Your guide to
buying your home - Choosing a mortgage
The two most common types
of mortgage are the repayment and the endowment.
Repayment mortgage
With this type of loan the
monthly repayment covers both the interest on the outstanding loan and
the amount for the repayment of capital. The repayments are calculated
so that the amount borrowed will be fully repaid at the end of the term
agreed for the mortgage. Borrowers are advised to take out some form
of mortgage protection insurance with this type of loan.
Endowment mortgage
Two monthly payments are required
for this type of loan. One is to cover the interest due on the loan,
whilst the other covers the premium payable on an endowment plan with
a life assurance company.
The capital sum borrowed remains
outstanding throughout the full term of the mortgage (unless arrangements
are made to repay prematurely), which means that interest is calculated
on the full amount of the loan during this period.

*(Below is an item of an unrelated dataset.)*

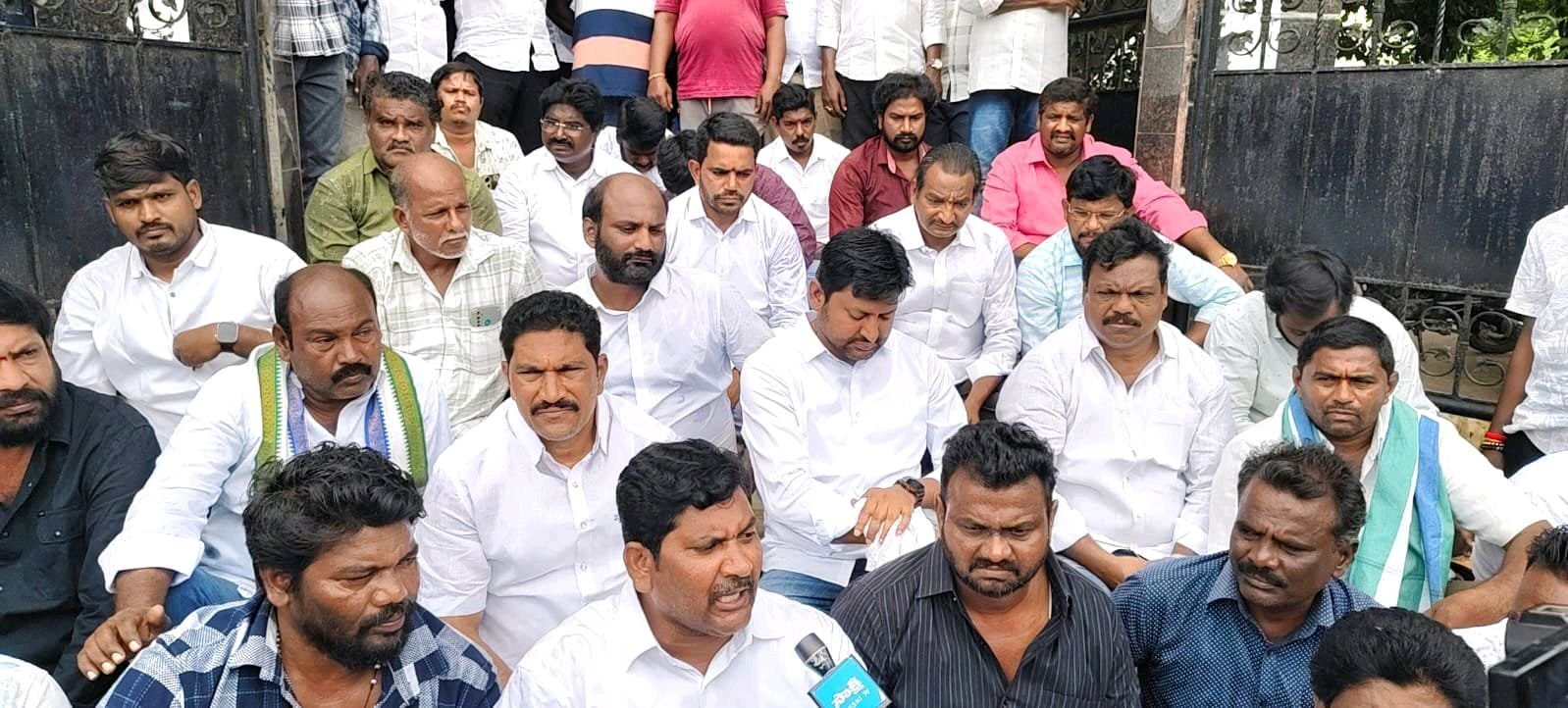 కొఠారి అబ్బయ్యచౌదరి ని అడ్డుకున్న పోలీసులు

The aim of the endowment plan
is to build up a cash sum sufficient to repay the amount borrowed by
the end of the mortgage term, although this cannot be guaranteed and
in the event of a shortfall you will be expected to make up the difference.
In addition the plan provides
life assurance protection, which means the mortgage will be repaid in
full should any of the borrowers die during the mortgage period.
An endowment plan is a long
term investment and if you surrender or cash in the policy prematurely,
you may lose out on its potential value.